Lessons from the Bretton Woods System

  1. U.S Deficit budget: During the Bretton woods era, the U.S ran deficit budget. Due to the nation’s constant lending to other nations, they experienced a severe deficit in their balance of payments which strongly affected their international financial position and status negatively. This deficit made the dollar weak and undependable. Due to the large scale of economic activities globally, the exchange rate is always adjusting to reflect the real value of the economy. Thus having just one currency pegged to gold in this present time is no longer reasonable.

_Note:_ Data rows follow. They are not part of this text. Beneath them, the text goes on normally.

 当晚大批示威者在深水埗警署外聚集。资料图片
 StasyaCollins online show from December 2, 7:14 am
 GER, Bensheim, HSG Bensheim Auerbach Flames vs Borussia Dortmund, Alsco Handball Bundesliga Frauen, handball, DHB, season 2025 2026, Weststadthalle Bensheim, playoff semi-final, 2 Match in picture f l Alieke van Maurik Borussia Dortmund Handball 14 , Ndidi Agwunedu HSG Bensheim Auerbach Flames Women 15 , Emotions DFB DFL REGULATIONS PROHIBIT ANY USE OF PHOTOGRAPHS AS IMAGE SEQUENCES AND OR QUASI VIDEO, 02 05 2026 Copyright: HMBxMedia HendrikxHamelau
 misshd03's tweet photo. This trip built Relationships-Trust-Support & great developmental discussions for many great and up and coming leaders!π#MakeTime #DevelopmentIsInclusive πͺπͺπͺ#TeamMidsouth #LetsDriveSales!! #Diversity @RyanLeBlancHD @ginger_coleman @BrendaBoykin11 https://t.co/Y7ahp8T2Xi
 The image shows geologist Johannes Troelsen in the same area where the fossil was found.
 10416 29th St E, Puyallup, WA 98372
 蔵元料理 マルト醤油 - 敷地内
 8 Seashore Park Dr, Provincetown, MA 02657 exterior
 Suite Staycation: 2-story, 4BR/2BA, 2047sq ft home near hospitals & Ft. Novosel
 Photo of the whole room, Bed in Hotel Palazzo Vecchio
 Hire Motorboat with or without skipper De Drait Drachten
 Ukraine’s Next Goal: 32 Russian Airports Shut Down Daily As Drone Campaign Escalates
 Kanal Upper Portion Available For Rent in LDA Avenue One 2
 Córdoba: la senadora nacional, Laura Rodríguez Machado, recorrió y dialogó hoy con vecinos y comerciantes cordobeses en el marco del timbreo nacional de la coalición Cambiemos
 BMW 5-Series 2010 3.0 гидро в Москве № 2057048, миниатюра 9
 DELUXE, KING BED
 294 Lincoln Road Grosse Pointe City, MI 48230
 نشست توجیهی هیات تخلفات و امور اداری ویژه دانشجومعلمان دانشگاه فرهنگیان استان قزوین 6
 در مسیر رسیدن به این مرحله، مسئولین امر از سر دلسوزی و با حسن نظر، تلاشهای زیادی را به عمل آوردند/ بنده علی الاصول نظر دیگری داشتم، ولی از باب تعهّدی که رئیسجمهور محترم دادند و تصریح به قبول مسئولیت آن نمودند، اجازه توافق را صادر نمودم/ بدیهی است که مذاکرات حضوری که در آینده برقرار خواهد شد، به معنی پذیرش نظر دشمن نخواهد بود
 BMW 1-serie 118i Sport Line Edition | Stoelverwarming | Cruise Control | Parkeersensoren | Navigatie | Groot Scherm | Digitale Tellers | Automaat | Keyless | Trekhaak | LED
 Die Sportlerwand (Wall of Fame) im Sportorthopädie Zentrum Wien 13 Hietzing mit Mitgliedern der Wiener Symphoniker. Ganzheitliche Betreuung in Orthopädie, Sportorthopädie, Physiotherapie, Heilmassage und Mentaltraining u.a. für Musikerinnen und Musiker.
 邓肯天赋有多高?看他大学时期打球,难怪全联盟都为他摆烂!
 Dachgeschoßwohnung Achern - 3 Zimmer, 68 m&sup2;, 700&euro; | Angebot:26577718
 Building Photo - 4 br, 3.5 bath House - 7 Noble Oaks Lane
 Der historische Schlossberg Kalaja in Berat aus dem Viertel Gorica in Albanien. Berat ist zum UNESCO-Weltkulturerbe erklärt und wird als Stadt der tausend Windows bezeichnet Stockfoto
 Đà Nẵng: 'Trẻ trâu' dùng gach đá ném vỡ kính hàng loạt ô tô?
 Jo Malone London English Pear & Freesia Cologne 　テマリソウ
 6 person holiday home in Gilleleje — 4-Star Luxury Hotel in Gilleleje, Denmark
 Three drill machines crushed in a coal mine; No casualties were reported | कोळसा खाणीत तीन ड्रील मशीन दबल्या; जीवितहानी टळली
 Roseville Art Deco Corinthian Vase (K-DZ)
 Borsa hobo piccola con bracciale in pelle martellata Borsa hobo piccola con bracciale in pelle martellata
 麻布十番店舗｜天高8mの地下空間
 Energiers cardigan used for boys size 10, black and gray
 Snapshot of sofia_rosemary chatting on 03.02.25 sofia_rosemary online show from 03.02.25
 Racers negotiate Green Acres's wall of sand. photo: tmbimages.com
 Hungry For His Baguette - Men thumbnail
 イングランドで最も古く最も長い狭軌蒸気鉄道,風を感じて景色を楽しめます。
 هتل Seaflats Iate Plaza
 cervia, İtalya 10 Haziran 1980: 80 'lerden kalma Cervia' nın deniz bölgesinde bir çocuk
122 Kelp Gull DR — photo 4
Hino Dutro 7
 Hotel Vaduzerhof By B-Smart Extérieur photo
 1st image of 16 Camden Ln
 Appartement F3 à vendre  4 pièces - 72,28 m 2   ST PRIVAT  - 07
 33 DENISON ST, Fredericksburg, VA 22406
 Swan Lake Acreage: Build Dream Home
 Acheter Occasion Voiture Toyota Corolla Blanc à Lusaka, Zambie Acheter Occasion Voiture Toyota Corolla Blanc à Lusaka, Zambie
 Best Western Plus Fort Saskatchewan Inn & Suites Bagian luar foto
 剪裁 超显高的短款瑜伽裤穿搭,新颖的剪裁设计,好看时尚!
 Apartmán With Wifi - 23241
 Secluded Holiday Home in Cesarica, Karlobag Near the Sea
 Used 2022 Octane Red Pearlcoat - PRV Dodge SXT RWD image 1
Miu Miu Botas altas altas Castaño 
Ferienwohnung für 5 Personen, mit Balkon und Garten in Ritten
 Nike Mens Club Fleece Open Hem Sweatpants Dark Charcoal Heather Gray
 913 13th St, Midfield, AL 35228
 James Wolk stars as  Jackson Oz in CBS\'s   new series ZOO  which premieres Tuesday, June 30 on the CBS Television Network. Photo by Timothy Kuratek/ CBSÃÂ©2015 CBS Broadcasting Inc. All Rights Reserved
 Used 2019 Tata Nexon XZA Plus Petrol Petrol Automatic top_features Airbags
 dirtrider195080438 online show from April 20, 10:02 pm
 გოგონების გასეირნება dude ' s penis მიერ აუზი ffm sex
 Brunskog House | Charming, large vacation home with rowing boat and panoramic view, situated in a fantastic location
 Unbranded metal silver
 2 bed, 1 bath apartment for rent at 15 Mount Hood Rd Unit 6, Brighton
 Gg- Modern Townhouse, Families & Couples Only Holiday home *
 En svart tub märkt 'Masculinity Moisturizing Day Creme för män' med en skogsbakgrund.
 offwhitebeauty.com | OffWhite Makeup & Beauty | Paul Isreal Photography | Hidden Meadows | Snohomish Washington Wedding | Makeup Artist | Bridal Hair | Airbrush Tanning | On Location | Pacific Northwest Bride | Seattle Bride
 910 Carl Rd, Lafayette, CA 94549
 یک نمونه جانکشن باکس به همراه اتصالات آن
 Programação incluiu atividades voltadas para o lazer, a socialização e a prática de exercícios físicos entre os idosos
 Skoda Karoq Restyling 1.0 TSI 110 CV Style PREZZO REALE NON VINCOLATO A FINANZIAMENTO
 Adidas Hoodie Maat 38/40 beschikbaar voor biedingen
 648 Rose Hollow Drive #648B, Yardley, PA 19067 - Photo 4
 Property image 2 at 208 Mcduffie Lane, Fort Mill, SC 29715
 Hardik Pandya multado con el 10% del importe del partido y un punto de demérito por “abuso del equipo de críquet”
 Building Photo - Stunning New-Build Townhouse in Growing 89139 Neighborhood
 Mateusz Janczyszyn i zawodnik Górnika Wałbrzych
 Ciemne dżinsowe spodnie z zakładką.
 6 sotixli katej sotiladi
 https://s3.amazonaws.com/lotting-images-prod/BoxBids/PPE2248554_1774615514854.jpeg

Currencies need to be flexible against each other, so that when a nation runs a deficit, and its currency looses value, the whole economy will not lose at the same time.
  2. Bretton Woods Policies: When the policy of a fixed exchange rate system was established, the financial strength of developing countries was not adequately taken into consideration. In the short run, the fixed exchange rate worked well for the developed countries, but as the developing countries claimed independence and began to evolve into the global economy, trade with the developed economies at a fixed rate was definitely too expensive for them. Moreover, polices imposed by the World Bank and IMF on developing countries like SAP i.e. structural adjustment program didn’t work out well on the developing countries, it has been argued that it worsened their level of poverty.
  3. The Slide to breakdown: The breakdown of the Bretton Woods system occurred via the failure of the dollar as the dominant currency, the rules of cooperation for its convertibility into gold and the exchange rates regime. The lack of a backup currency to resolve the issue or at least minimize the losses incurred contributed to the demise of the system. Thus the Bretton Woods dependence on the dollar been the only currency that could be convertibility to gold was too risky.
  4. Short run vs. Long run functions: Another problem with the Bretton Woods system was that the same plan was made for the short run and long run. Right after World War II, the international monetary system was only concerned with their present predicament of how to get the economy back on track. Given the destruction caused by the war, addressing the pressing need of the economy was appropriate but during evaluations in the short run, proper schemes and policies should have been arranged to counter what could go wrong in the long run. The undoing of the Bretton woods system was that the plans for the short run were allowed to run indefinitely into the long run until they could no longer hold. Thus the system defaulted.